A rainha Elizabeth II, em registro de 2016.| Foto: BigStock Photo

A rainha Elizabeth II morreu. Viva o rei Charles III! E antes que o leitor desmaie de fúria por minhas proclamações monárquicas, fique sabendo: não sou. O princípio republicano ainda me parece útil para governar as nossas sociedades modernas. Há amigos (monárquicos) que não me perdoam a traição. Há amigos (republicanos) que também não: se sou adepto da república, como dar vivas à Casa de Windsor? Só posso responder: olhando ao meu redor. Olhando para o Brasil, que comemorou recentemente os seus 200 anos com mais um espetáculo de fanatismo ideológico e boçalidade institucional.

A palavra “polarização” me parece um eufemismo bondoso. O clima é mesmo de pré-guerra civil – e até a revista Economist desta semana dedica um dos seus editoriais ao assunto. Bolsonaro não é apenas danoso para o Brasil caso vença. Também será caso perca: há uma parte do país que será alimentada com doses regulares de ressentimento e revanchismo (“foi roubo!”), na melhor tradição Trump. E, sabendo que há armas em excesso entre os seus asseclas, é possível imaginar o pior.

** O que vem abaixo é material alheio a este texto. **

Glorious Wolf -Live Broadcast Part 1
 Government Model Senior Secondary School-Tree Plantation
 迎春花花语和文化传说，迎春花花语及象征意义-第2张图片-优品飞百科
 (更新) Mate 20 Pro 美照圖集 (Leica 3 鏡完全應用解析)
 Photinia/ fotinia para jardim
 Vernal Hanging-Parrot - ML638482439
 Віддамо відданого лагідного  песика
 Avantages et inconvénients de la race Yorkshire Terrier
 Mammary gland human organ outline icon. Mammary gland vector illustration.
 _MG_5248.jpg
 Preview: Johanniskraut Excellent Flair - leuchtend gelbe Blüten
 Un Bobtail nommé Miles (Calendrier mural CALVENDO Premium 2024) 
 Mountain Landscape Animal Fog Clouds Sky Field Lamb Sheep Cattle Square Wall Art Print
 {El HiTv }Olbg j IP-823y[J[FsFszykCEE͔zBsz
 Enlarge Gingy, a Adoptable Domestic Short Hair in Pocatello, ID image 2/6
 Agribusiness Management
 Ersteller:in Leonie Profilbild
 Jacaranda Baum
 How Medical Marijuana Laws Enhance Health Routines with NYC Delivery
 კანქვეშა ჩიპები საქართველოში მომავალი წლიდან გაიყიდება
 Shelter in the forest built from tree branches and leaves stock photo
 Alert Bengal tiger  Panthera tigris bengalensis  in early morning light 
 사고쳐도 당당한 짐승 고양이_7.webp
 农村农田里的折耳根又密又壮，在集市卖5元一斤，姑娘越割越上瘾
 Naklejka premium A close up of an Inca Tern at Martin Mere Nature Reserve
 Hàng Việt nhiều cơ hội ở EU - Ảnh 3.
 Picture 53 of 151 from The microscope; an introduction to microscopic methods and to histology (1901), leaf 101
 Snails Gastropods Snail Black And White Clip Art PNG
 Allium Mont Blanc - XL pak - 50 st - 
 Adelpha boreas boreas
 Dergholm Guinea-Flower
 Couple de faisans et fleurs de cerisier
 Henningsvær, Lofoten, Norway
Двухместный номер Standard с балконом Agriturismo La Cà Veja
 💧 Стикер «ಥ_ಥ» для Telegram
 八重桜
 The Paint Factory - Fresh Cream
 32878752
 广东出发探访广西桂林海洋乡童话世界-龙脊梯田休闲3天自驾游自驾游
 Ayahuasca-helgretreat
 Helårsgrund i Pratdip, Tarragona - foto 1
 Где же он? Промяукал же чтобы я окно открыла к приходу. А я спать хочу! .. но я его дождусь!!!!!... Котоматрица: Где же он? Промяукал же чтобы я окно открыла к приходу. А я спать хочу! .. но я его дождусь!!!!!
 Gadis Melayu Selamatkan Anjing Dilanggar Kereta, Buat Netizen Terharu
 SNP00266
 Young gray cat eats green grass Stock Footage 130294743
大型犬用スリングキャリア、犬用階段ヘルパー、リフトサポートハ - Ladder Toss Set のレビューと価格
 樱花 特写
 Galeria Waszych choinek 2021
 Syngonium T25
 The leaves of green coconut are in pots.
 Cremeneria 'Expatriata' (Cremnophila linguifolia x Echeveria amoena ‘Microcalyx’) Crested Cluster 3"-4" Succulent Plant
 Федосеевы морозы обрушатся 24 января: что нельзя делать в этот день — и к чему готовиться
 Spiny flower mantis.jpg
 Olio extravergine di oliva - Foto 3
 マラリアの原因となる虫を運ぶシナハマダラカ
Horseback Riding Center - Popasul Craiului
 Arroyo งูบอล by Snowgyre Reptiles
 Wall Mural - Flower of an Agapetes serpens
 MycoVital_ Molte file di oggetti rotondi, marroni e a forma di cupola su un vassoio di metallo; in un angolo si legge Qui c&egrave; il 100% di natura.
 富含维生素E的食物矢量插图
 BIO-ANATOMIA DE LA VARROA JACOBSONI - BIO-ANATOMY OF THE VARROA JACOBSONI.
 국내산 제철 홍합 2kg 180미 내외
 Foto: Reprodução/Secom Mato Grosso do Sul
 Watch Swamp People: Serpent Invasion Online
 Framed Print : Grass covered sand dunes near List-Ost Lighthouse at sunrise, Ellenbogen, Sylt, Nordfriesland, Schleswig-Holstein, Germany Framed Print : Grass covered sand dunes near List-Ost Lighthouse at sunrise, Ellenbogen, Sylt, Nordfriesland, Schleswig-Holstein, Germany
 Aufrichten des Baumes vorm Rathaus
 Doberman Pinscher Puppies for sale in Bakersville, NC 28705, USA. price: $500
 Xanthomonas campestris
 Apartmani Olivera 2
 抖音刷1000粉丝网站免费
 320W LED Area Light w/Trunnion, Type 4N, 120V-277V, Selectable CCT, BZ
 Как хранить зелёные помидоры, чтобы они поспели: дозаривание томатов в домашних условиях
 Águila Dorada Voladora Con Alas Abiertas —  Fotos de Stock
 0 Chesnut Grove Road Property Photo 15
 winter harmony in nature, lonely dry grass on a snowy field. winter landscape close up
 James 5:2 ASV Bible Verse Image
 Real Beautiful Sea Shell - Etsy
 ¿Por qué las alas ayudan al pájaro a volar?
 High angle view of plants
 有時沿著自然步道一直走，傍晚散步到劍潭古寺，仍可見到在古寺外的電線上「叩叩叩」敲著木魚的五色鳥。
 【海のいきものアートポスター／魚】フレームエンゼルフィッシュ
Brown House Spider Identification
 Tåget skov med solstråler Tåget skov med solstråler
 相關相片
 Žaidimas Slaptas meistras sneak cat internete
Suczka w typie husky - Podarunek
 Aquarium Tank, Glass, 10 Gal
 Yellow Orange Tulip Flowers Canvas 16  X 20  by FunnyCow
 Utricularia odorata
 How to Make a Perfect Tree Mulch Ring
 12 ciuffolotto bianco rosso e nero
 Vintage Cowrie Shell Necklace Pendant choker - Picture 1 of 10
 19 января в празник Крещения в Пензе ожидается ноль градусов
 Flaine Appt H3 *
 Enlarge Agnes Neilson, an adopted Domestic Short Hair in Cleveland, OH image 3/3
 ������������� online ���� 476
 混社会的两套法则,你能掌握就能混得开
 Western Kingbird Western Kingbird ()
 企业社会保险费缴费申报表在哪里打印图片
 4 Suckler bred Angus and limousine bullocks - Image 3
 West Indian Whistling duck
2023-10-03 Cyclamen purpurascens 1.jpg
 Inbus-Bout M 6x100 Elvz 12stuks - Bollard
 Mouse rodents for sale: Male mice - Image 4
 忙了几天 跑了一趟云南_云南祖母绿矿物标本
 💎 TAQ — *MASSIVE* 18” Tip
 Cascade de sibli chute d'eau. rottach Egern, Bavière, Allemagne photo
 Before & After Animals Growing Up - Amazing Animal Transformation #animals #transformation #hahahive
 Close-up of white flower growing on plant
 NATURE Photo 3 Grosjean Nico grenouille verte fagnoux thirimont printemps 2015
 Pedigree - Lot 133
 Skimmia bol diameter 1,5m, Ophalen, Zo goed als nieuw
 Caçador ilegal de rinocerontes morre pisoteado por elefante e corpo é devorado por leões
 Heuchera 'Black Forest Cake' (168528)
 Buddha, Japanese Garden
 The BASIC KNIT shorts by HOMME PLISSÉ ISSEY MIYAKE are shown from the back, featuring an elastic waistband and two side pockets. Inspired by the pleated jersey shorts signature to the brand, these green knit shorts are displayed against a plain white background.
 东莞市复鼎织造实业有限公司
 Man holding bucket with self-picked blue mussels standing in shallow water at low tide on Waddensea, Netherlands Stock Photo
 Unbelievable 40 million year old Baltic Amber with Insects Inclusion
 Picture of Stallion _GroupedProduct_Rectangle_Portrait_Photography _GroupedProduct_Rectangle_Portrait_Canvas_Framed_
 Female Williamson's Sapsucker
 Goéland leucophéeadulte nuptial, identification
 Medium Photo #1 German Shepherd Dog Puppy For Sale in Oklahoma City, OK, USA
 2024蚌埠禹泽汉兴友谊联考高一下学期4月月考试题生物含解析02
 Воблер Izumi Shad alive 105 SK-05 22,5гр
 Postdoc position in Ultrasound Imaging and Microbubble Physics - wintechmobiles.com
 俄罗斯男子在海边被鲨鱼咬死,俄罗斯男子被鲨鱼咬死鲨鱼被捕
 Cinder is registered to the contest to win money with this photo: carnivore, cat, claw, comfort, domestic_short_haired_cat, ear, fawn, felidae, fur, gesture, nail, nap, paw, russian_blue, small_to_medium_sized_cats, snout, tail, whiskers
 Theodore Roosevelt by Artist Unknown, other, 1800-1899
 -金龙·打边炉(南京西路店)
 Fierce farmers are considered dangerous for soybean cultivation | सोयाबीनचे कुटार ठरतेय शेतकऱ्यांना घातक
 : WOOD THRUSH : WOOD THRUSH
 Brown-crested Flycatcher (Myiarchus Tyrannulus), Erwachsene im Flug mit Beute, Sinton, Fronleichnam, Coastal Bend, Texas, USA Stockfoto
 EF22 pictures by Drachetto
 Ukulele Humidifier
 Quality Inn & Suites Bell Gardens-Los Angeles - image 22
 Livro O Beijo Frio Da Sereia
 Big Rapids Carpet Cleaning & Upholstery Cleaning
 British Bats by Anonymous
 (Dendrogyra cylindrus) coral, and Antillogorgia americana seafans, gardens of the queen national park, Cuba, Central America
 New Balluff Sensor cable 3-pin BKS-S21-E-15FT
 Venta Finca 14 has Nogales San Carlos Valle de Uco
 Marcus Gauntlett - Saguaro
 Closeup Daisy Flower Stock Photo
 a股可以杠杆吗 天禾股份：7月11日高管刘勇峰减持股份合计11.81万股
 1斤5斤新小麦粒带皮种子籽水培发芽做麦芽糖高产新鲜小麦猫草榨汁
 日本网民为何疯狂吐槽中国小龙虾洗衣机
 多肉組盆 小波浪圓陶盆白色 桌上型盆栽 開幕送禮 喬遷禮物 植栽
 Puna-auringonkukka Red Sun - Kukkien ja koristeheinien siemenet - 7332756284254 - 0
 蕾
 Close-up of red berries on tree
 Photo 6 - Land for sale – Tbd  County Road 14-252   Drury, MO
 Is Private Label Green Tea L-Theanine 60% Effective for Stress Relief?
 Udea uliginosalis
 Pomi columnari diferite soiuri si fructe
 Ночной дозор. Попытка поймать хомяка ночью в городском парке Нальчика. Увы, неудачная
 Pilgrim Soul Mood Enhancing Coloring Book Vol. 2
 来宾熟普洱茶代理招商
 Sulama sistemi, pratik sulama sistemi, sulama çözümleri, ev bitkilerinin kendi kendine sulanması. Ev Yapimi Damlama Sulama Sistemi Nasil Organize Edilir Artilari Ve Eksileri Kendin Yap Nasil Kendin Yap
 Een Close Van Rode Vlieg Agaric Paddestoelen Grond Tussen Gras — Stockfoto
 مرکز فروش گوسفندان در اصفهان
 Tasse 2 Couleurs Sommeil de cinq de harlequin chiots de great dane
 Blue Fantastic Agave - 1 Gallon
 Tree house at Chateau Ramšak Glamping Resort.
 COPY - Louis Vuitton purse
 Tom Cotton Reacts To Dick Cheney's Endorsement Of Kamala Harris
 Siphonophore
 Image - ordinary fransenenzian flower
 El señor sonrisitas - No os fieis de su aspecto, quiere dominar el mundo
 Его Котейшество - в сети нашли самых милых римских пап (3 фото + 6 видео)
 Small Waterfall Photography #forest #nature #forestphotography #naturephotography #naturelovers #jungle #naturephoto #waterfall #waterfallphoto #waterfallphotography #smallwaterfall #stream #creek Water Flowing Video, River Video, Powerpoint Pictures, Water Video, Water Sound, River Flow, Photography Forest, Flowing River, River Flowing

A função primeira da coroa é a de se apresentar como fator de união. Elizabeth II foi o único ponto fixo no meio do caos

Eis o ponto: uma democracia só funciona quando existe um elemento pré-político que não oferece contestação. E esse elemento é o sentimento de pertencimento a algo que é anterior a nós e que irá sobreviver a nós. Podemos chamar-lhe “nação” – uma identificação territorial, linguística, cultural, até emocional, que não deve ser confundida com a palavra “nacionalismo”. Como lembrava o saudoso Roger Scruton, eu posso perder uma eleição. Eu até posso desprezar o vencedor. Mas aceito os resultados porque, em linguagem primitiva, fazemos todos parte da mesma tribo. Somos brasileiros, ou portugueses, ou americanos, antes de sermos de direita, de esquerda, de centro ou de nada.

Em sociedades onde o elemento nacional não existe – sociedades onde persistem divisões étnicas ou religiosas inultrapassáveis –, acontece o que estamos habituados a ver na África ou no Oriente Médio. Democracia, por lá, não é apenas “one man, one vote”. Como dizia o mesmo Scruton, é “one man, one vote, one time”.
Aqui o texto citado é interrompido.